EXERCISE. Would you please repeat exactly the entries below, starting at the line with "Aurelias Cove 15" and ending at the line with "Cách bán hàng trên Alibaba", and nothing outside that range? Leave out the pictures.

EXERCISE DATA.
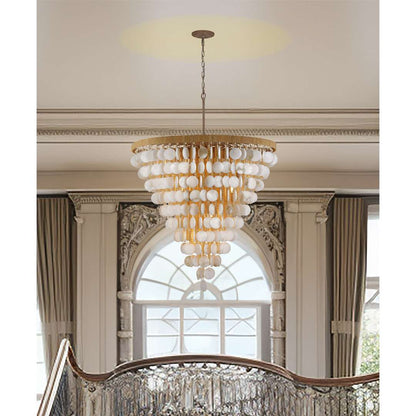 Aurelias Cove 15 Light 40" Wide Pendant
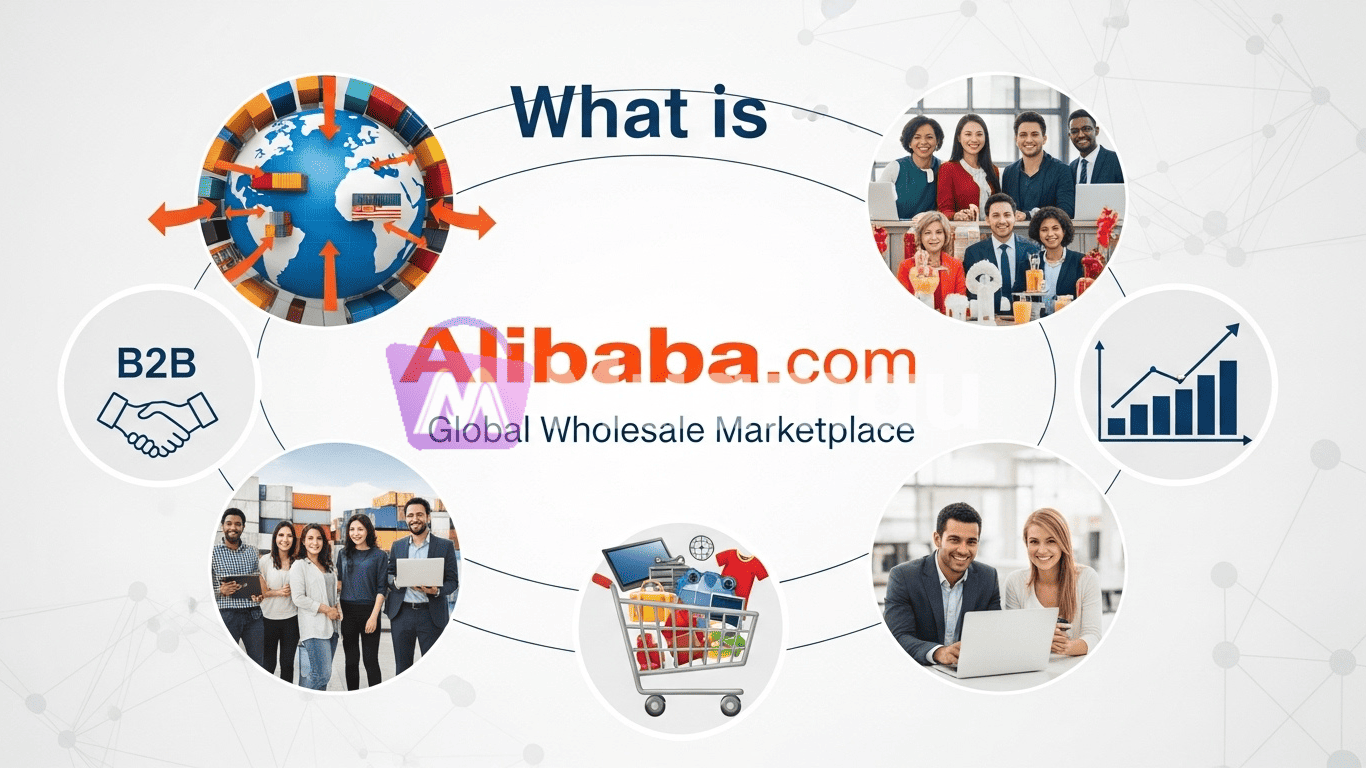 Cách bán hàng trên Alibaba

...

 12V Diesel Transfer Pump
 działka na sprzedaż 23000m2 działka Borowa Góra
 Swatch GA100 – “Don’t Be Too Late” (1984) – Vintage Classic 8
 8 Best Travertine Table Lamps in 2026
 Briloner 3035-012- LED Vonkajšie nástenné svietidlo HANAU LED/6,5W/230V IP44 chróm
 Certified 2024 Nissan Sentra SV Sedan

RESULT BELOW.
 Aurelias Cove 15 Light 40" Wide Pendant
 Cách bán hàng trên Alibaba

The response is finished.